[Start of Attachment]

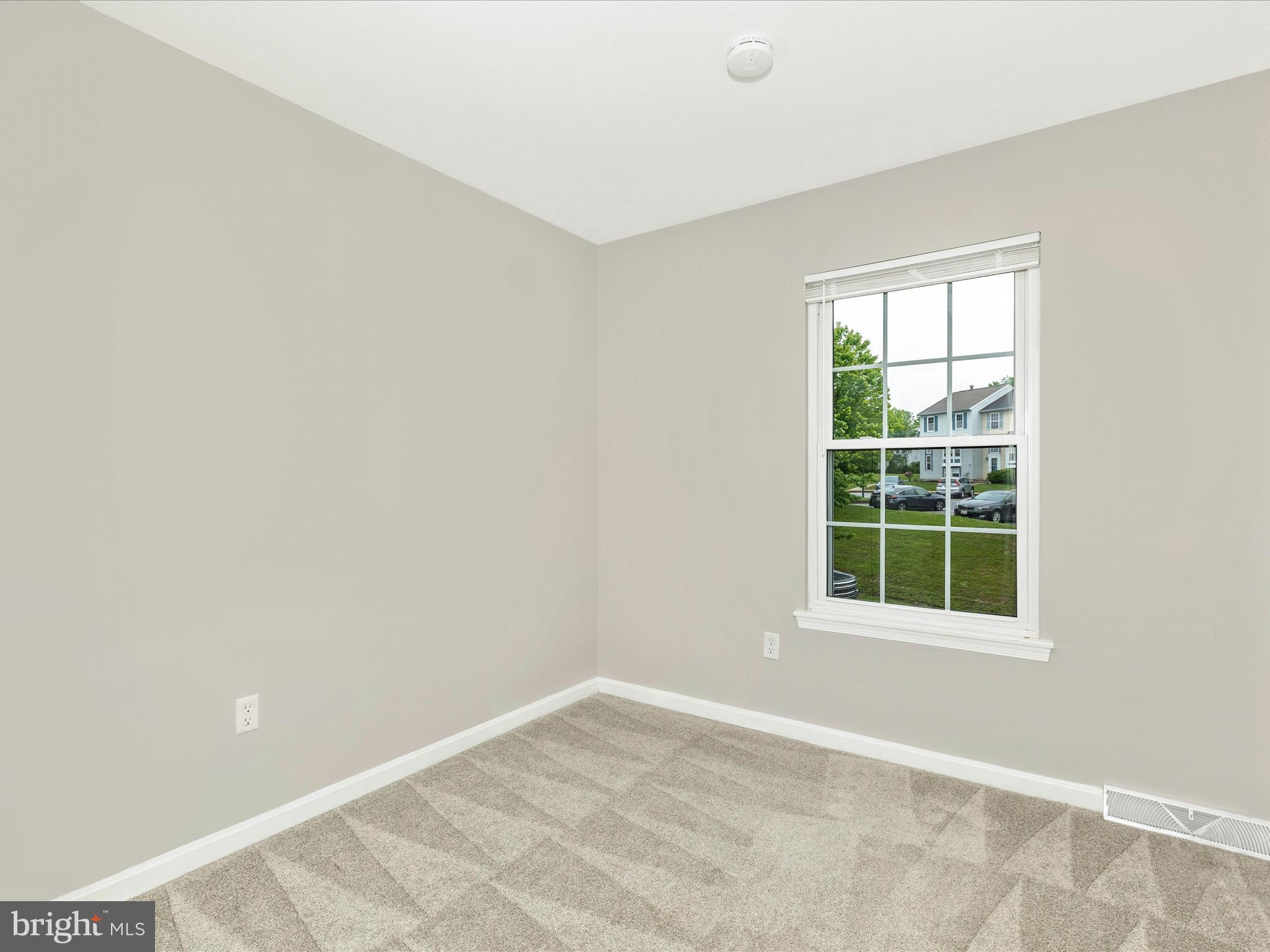 FURNACE HILLS - Residential Lease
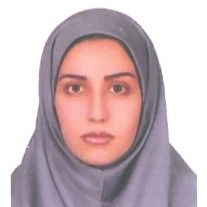 دنیا دشتی تازه کند رضا آباد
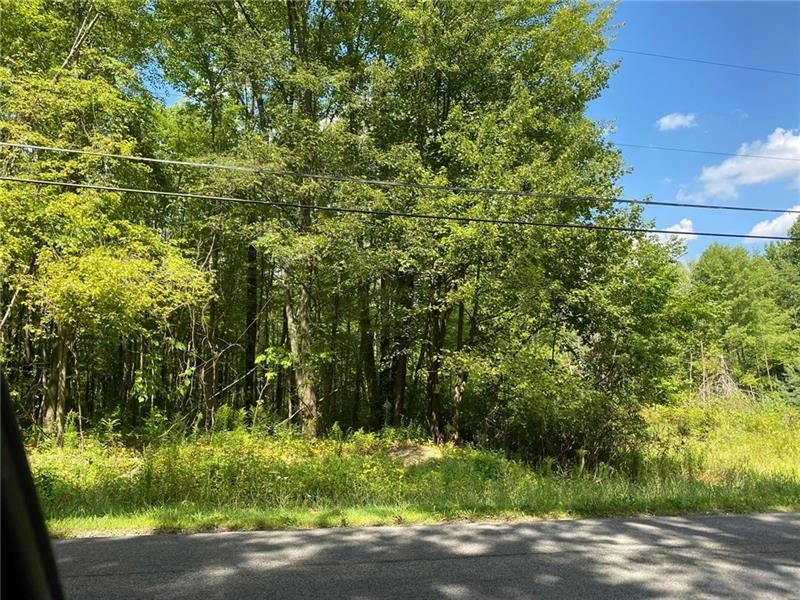 LOT #3 MITCHELL RD, NEW CASTLE, PA 16105, photo 1 of 4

[End of Attachment]

Exercise> The complete listing must be transcribed verbatim, and all pictures are to be omitted.

Response below>
 FURNACE HILLS - Residential Lease
 دنیا دشتی تازه کند رضا آباد
 LOT #3 MITCHELL RD, NEW CASTLE, PA 16105, photo 1 of 4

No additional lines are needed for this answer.